**COLLECTED DATA:**
= = = = =
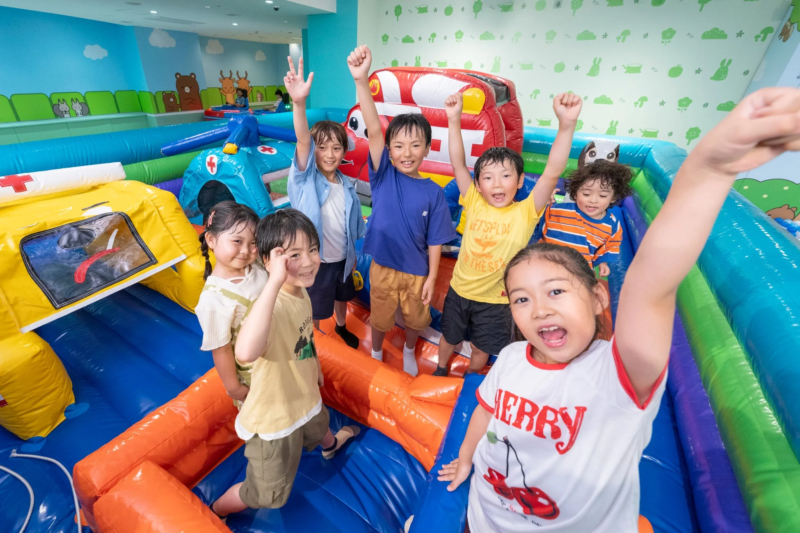 屋内遊び場で遊ぶ子供たち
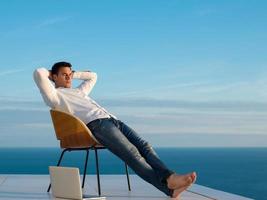 jeune homme détendu à la maison sur le balcon photo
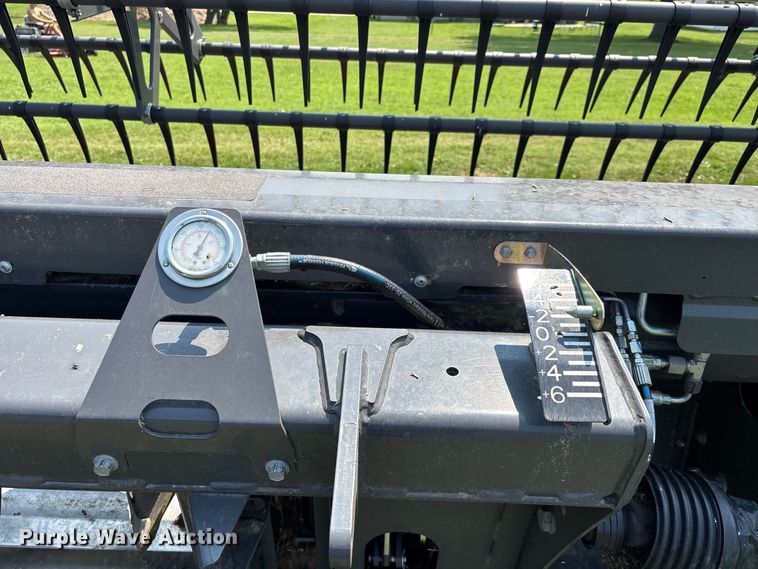 image for item YA4269 2022 Gleaner 9330 flex draper head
= = = = =
**EXERCISE DETAILS:** Lines from the one holding "jeune homme détendu" to the end of the data, both ends included, are to be given again exactly; no pictures belong in the copy.

**WRITTEN RESPONSE:**
 jeune homme détendu à la maison sur le balcon photo
 image for item YA4269 2022 Gleaner 9330 flex draper head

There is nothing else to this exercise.